Friday, February 26, 2010

Stuart Taylor responds

David Luban

Stuart Taylor has responded to my post earlier today, and I have added his response as an update to that earlier post (I think it's easier on the reader to see them in one place). I stand by my earlier post. I should add that I neglected to send him my post even though it specifically criticized his article, and I offer my apology for the discourtesy.

UPDATE: My reponse is now up here, directly following Stuart Taylor's letter.

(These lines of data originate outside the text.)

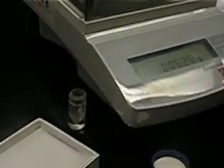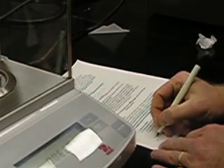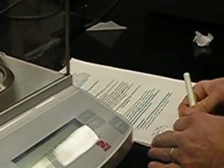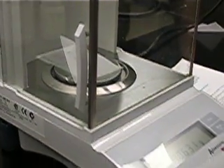We do not want to remove solid and put it back into the primary container. We simply write this value down: 0.0629 grams. We have come as close to 0.05 grams as possible, and we are ready to move on.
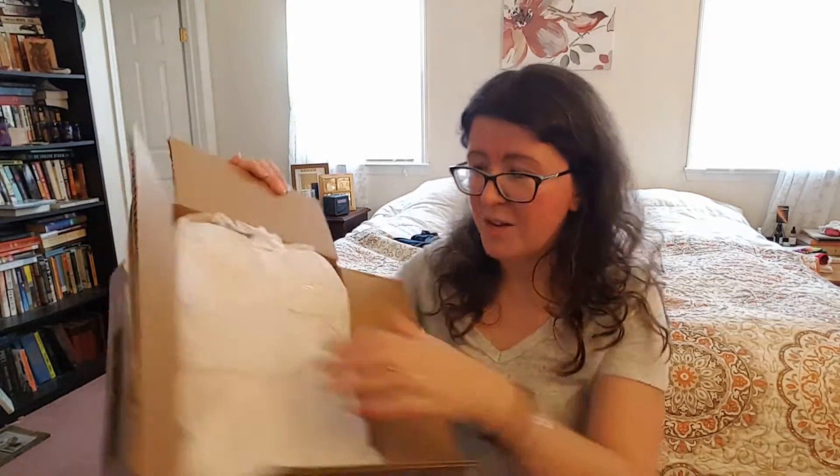There's a card that tells us who our artist is — I'm trying not to look, I don't want to know until I see what's in here. And we got a T-shirt.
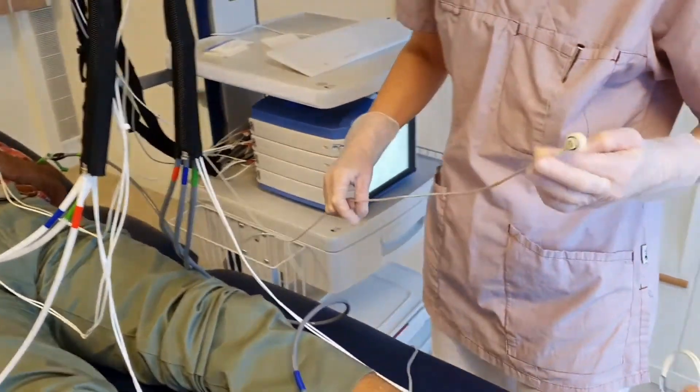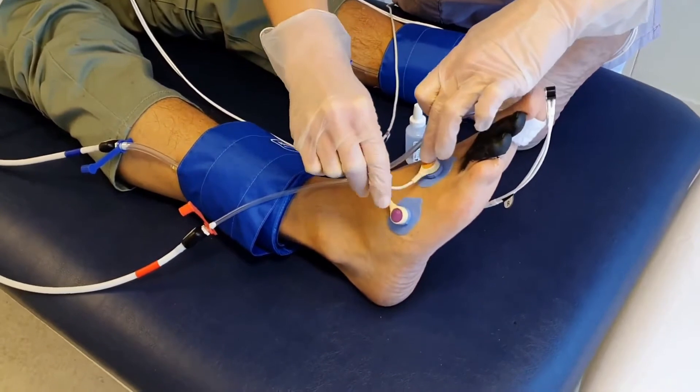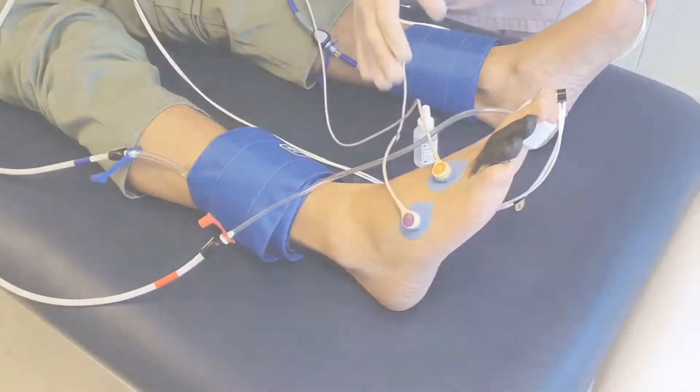amputation level determination, and evaluation for hyperbaric oxygen treatment. To save time, TcpO2 measurements are performed simultaneously with the pressure measurements.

A SECOND UPDATE: Stuart Taylor has asked me to post a sur-response to our exchange, which I will do here. His cover note says "I don't want to prolong this exchange endlessly," and I agree. I don't think readers would be well served by a prolonged response, but I can't forbear making a couple of remarks following Stuart's letter. Here's the letter:

The anti-torture statute makes it a crime for a U.S. agent to act with “specific intent” to inflict “severe physical or mental pain or suffering,” while narrowly sub-defining “severe mental pain or suffering” as requiring proof of (among other things) “prolonged mental harm.”


David Luban now seems to concede that waterboarding and the other CIA interrogation techniques proposed to Bybee and Yoo did not inflict severe physical pain or severe mental pain or suffering as defined by the statute.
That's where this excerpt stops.